4.Thus, the supposed concern of the ‘Wot about the Secondary Moderns. Eh? Eh? Eh?’ claque is entirely false. They don’t really care about the educational fate of the poor. They just display their phoney woe to obscure the fact that their ideology demands the destruction of good schools. Who can blame them? It is (unsurprisingly) embarrassing for them to acknowledge that their beliefs have had such a stupid and wasteful outcome, and have hurt the poor people whom they claim to champion.
Rather than have the academically-able minority provided with good schools, they condemn the bright children of the poor to hopelessness.
5. I have many times said, and here repeat, that the 1944 system was in need of reform. I just don’t accept that Circular 10/65 was the right reform. Here are several reforms which would have been valuable, and which would not have destroyed hundreds of fine and irreplaceable schools.
1. A more even provision of grammar schools throughout the country.
2.More girls’ grammar schools
3. The building and staffing of the technical schools envisaged in the 1944 Act so that such schools were available in every part of the country.
4. A more flexible test for grammar school entry, as applied in Germany.
All these could have been achieved well within the enormous budgets expended on going comprehensive, and the subsequent vast expenditure on education in this country, which largely still cannot , in eleven years of full-time education, produce people who can read, write and count.
AS to how a political party can get such a proposal past a general election, just give me a political party, a general election, and let me try. How can anyone claim that giving a good education to the poor benefits only those who win places in selective schools? A better-educated country which refuses to waste its talents as we do, is better for everyone in it – its people are more civilised, its services more efficient, its sciences more alive and inventive, its industries more successful, its media and its political class better informed and wiser.
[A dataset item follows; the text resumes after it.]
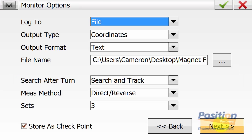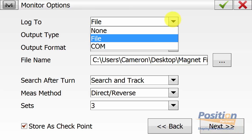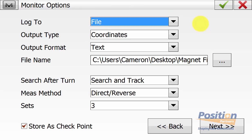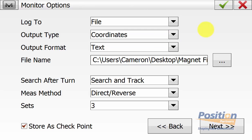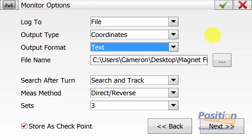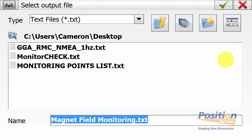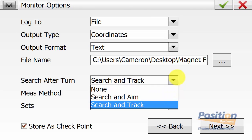On our monitoring options screen, we can log to a file, a COM port, or none. We can output the data type as coordinates or raw data, and the format for coordinates can be text or GGA format. We can dictate where we're saving this file — it will log automatically in the background as you record your data. We can also dictate whether we search after turn, whether we track, aim, or none.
(I will also re-run here the old Randolph Churchill joke which so well illustrates the nature of this question. News was brought to Evelyn Waugh that Randolph Churchill was in hospital for the removal of a non-malignant tumour. Waugh remarked ‘How typical of the medical profession to rummage through the entire vast body of Randolph Churchill, find the one thing in it that is not malignant, and remove it.’
Much the same could be said of the education reformers who examined our school system in 1965, located the one part of it that was working well, and smashed it to pieces).